Cognitive Dissonance and Climate Change
It’s been a rather depressing weekend for Sustainability, what with the US Government joining those beacons of liberty Russia and Saudi Arabia to downgrade the status of the latest IPCC report, and then Paris going up in flames, sparked by an eco-tax on petrol and diesel. Depressingly, some on the left in the UK, such as arch-Corbynista Owen Jones, cheered on les gilets jaunes as they saw the riots as undermining the ‘centrist poster boy’ Emmanuel Macron, inadvertently joining President Trump in his derision of the French President’s attempts to tackle climate change. Strange times, strange bedfellows.

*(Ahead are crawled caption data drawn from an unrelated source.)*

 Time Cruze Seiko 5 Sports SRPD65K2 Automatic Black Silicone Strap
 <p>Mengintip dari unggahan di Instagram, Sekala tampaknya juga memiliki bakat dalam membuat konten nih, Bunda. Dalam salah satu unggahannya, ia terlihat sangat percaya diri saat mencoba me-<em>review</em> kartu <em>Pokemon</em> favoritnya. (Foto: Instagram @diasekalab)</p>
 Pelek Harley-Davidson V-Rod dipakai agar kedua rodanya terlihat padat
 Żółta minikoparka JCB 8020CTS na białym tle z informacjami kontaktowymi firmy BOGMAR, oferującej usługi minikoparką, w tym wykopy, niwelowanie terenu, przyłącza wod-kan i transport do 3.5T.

About a decade ago, a climate change charity I was on the board of carried out some research which found that:
a. Most people want action on climate change, but;
b. The very same people were shocked (even angry) at the thought they’d have to change their own lifestyles as a result.

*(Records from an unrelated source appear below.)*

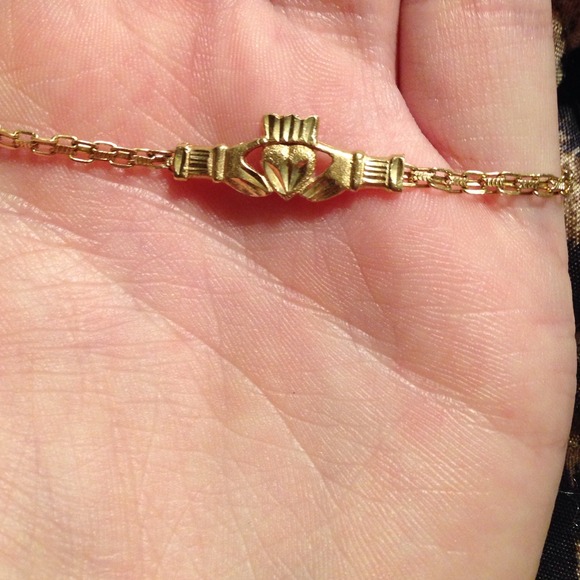 Gold irish claddagh bracelet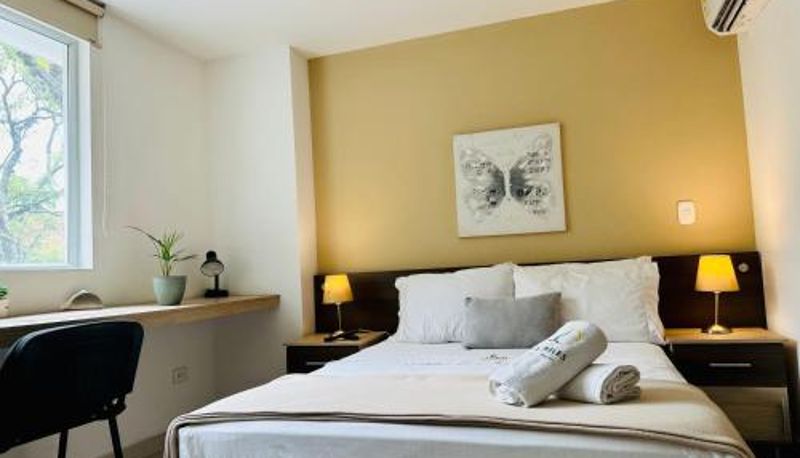 Información - Laureles Grand House LGH Hotel - Anteriormente Laureles Guest House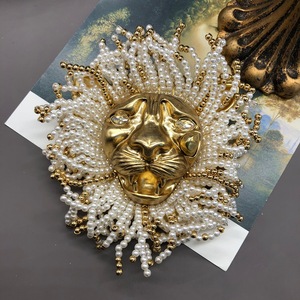 ZX Produit Tendance Design Tête de Lion Avancé Perle Broche Clip d'Oreille Anneau Bijoux Vêtements Polyvalent Unisexe Bijoux Fins Grand Unique - Product Image 2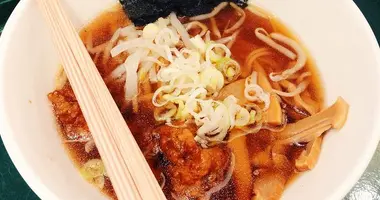 El caldo de ramen por lo general tiene carne, pero en el T's Tantan es vegetariano.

We find such cognitive dissonance all the time – so many of us can believe we are holding a principled belief and then fail horribly to even try to put that into action. Confrontation – ‘we must call that out’ – leads to anger and retrenchment, not epiphany.
This is why I try to avoid preaching on climate change. If somebody doesn’t get it, they don’t get it and telling them to get it won’t help. If, conversely, ask people why we should act, and what we as individuals should do, you’ll get much better engagement in the topic, and even personal action. I call this Green Jujitsu – try it.